Contributor Guide
Use this page when you are working on the flopscope repository itself rather than only consuming the published API.
You will learn:
- How the repository is organized across three packages
- How to set up your development environment and run tests
- How to work with client, server, and Docker workflows
- How auto-generated documentation is maintained
Repository layout
This repository contains three Python packages plus docs and Docker assets:
| Path | Purpose |
|---|---|
src/flopscope/ | Core library backed by NumPy |
flopscope-client/src/flopscope/ | Client proxy used in sandboxed participant environments |
flopscope-server/src/flopscope_server/ | ZMQ server that executes the real library |
tests/ | Core library test suite |
flopscope-client/tests/ | Client unit, integration, and adversarial tests |
flopscope-server/tests/ | Server unit tests |
website/content/docs/ | Docs source for the published site |
website/public/ops.json | Generated slim API operation index consumed by /docs/api |
website/public/api-data/ops/*.json | Generated per-operation detail payloads for canonical operation pages |
website/.generated/public-api-routes.json | Generated canonical route manifest for /docs/api/... pages |
website/.generated/op-doc-imports.ts | Generated static import map for operation docs |
website/.generated/symbol-doc-imports.ts | Generated static import map for public helper and object docs |
website/.generated/public-api-symbols.json | Generated manifest of non-registry public API pages |
scripts/generate_api_docs.py | Regenerates API route manifests, per-operation payloads, and public symbol docs |
docker/ | Local client-server and hardened evaluation images |
Initial setup
For normal work on the core package, docs, and root test suite:
git clone https://github.com/AIcrowd/flopscope.git
cd flopscope
make installmake install runs uv sync --all-extras and configures the local git hooks.
Which environment to use
The root environment covers the core package, linting, docs, and the main test
suite. The client and server each also have their own pyproject.toml.

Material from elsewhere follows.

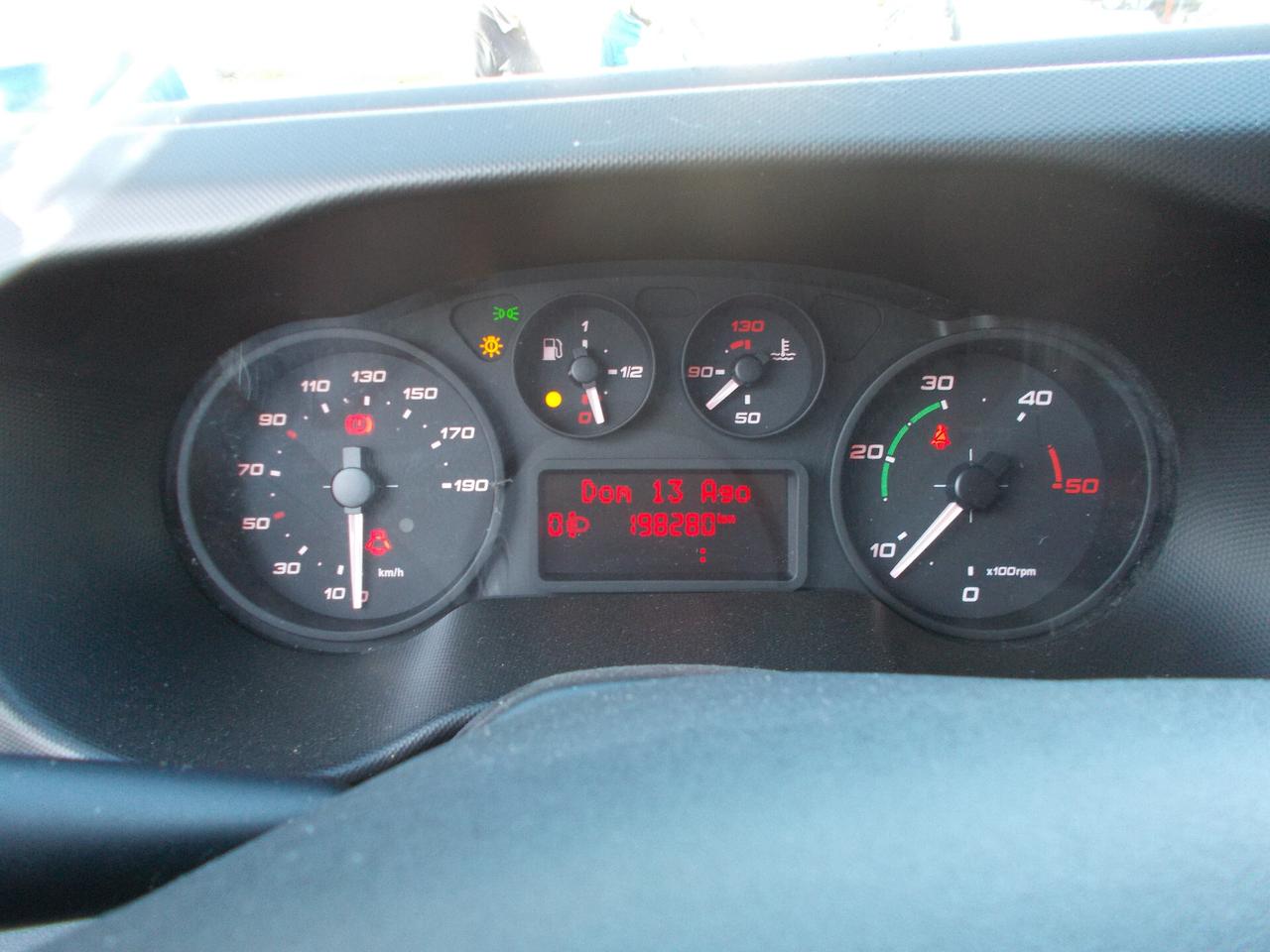 Iveco daily 35s11 2015 frigo km.198000 e.5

One important caveat: flopscope-server depends on the local flopscope
package, which is not resolved from a package index in a fresh source checkout.

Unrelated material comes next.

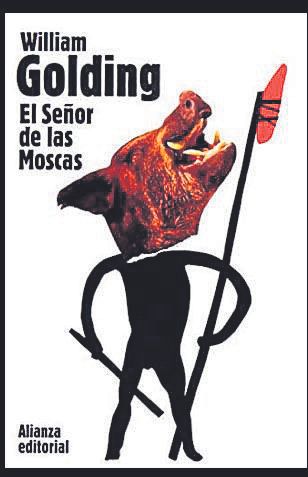 Portada libro 'El señor de las moscas'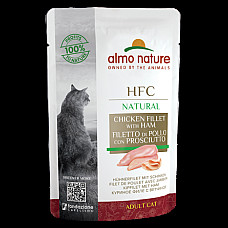 ALMO NATURE Cat HFC Pouch Natural C..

For server development, run commands from the repository root with
PYTHONPATH=src:flopscope-server/src instead of relying on cd flopscope-server && uv run ....
Common commands
Core library
make lint
make test
make test-numpy-compat
make docs-build
make docs-serve
make ciIf you prefer direct uv commands:
uv run pytest
uv run mkdocs serveWhen running the local docs site and you want flopscope error messages to link to your local copy instead of the hosted site, set:
export FLOPSCOPE_DOCS_ROOT=http://localhost:3000/docsIf FLOPSCOPE_DOCS_ROOT is unset, flopscope falls back to the hosted docs at
https://aicrowd.github.io/flopscope/docs.
Client package
The client package is independently installable, so its test suite can run via its own project file:
uv run --project flopscope-client pytest flopscope-client/testsClient integration and adversarial tests start a real server subprocess using
the repository root .venv/bin/python, so run make install first.
Server package
Run server tests from the repository root so the local core package is on
PYTHONPATH:
PYTHONPATH=src:flopscope-server/src \
uv run --with pyzmq --with msgpack pytest flopscope-server/testsTo launch the server manually from a source checkout:
PYTHONPATH=src:flopscope-server/src \
uv run --with pyzmq --with msgpack \
python -m flopscope_server --url ipc:///tmp/flopscope.sockRunning client and server together without Docker
From a source checkout, use repo-root commands so both packages resolve correctly:
# Terminal 1
PYTHONPATH=src:flopscope-server/src \
uv run --with pyzmq --with msgpack \
python -m flopscope_server --url ipc:///tmp/flopscope.sock# Terminal 2
export FLOPSCOPE_SERVER_URL=ipc:///tmp/flopscope.sock
PYTHONPATH=flopscope-client/src \
uv run --with pyzmq --with msgpack python your_script.pySee Running with Docker if you want the same split using containers.
Generated documentation
Do not hand-edit website/public/ops.json,
website/public/api-data/ops/*.json, website/.generated/public-api-routes.json,
website/.generated/op-doc-imports.ts, website/.generated/symbol-doc-imports.ts,
or website/.generated/public-api-symbols.json. The interactive API reference,
canonical API pages, and legacy redirect routes consume those generated
artifacts directly.
Instead, update scripts/generate_api_docs.py, the relevant source docstrings,
or the operation registry, then regenerate and verify:
uv run python scripts/generate_api_docs.py
uv run python scripts/generate_api_docs.py --verifyNumPy Compatibility Testing
flopscope's goal is NumPy API compatibility on the counted surface: import flopscope.numpy as np should work for supported functions. To verify this, we run NumPy's own test suite against flopscope.
How it works
A pytest conftest at tests/numpy_compat/conftest.py monkeypatches numpy functions with their flopscope equivalents at session start. When we point pytest at NumPy's installed test files using --pyargs, every test that calls np.sum(...), np.mean(...), etc. actually calls flopscope's version.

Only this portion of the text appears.